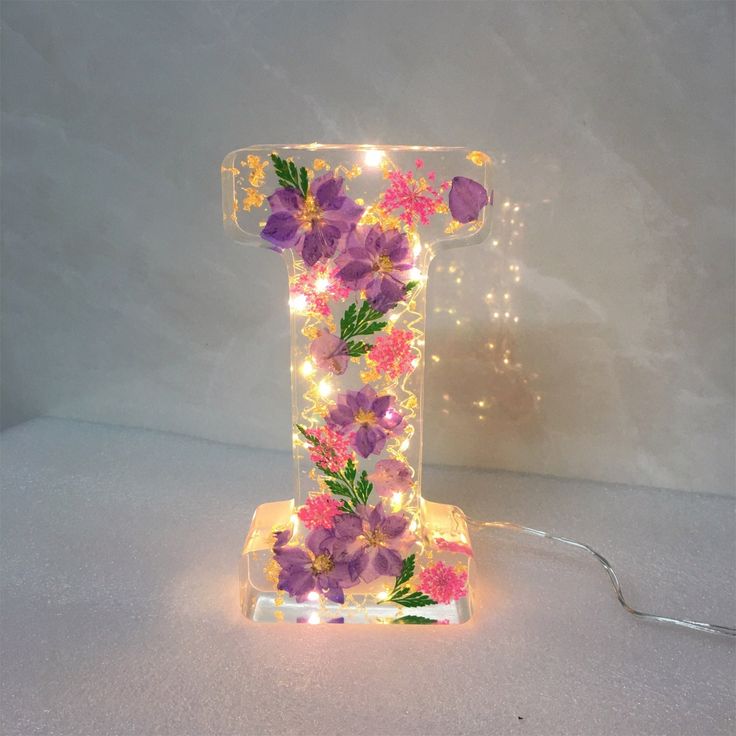 🌸Χειροποίητο nightly φωτιστικό από ρετίνη λουλουδιών-GR 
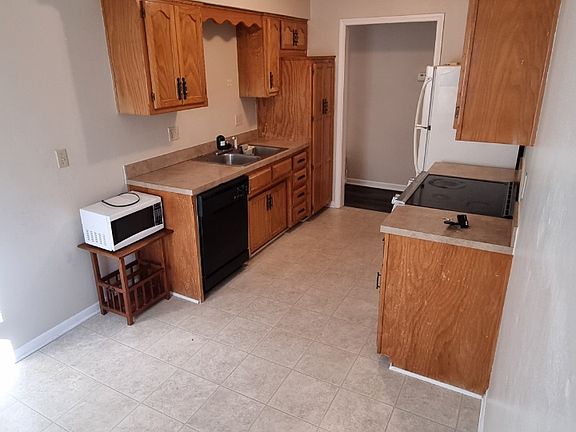 Large Kitchen with all appliances included!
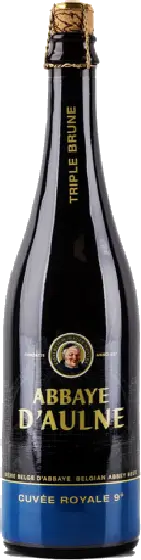 Een fles Abbaye, uit het schap in de winkel in Bathmen
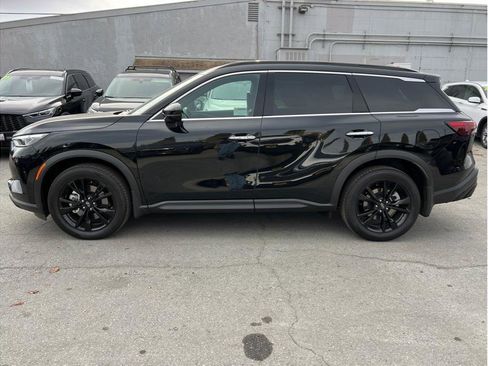 Used 2025 INFINITI QX60 Luxe w/ Black Edition image 6
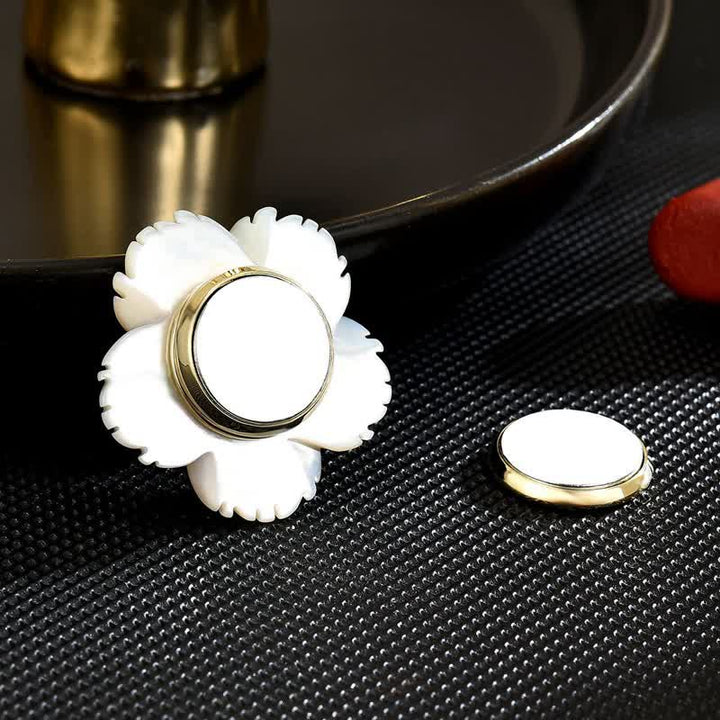 Broche en agate rouge et fleur de coquillage naturelle blanche pour femme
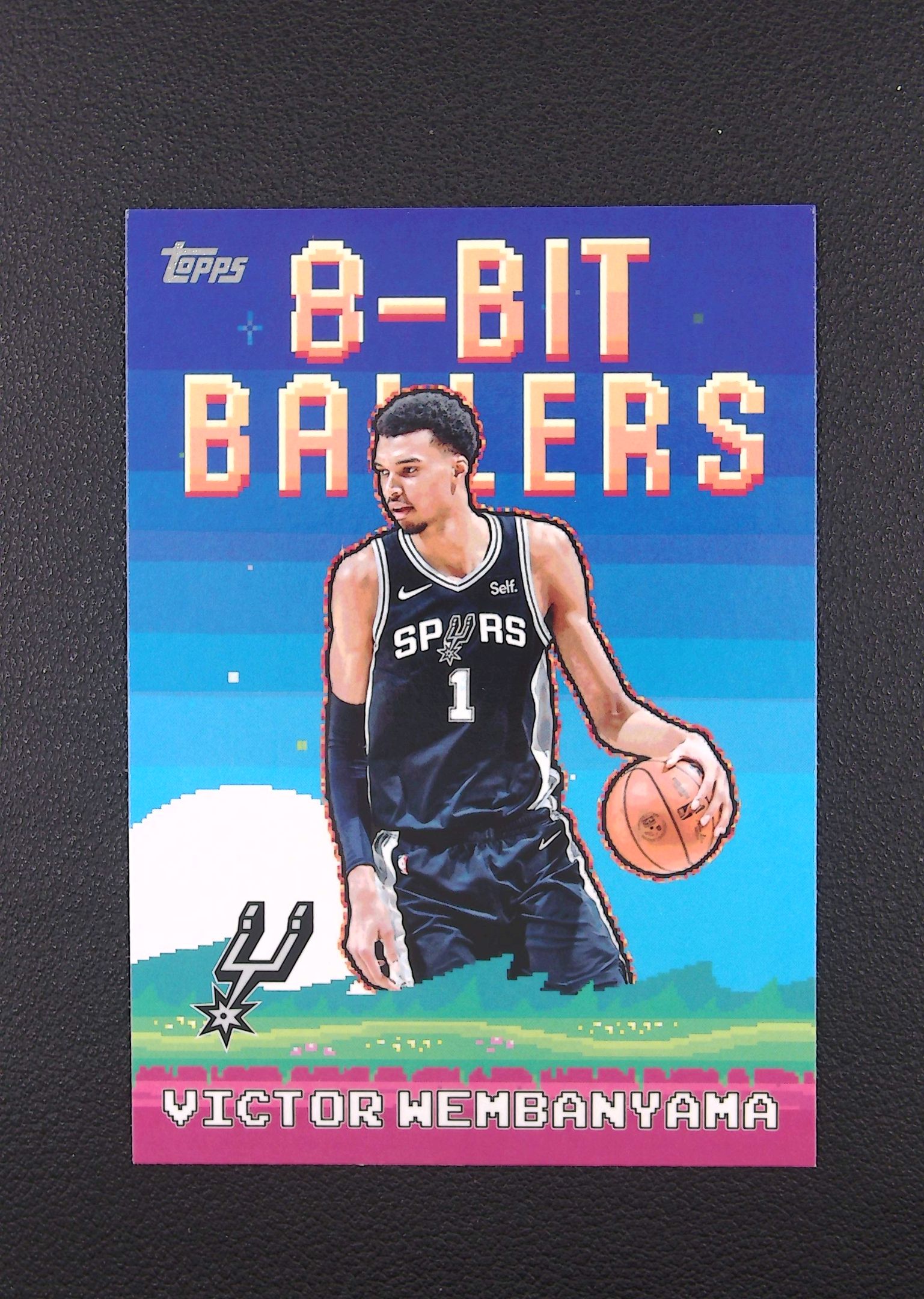 2025 Topps Flagship Victor Wembanyama 维克托 文班亚马 马刺 8位像素特卡 马刺【Big M 代拍】 AQ888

----------

[Work request]: In the reply, give again exactly the lines from the beginning of the entries above through the line with "Used 2025 INFINITI"; pictures stay out.

[Answer for this exercise]:
 🌸Χειροποίητο nightly φωτιστικό από ρετίνη λουλουδιών-GR 
 Large Kitchen with all appliances included!
 Een fles Abbaye, uit het schap in de winkel in Bathmen
 Used 2025 INFINITI QX60 Luxe w/ Black Edition image 6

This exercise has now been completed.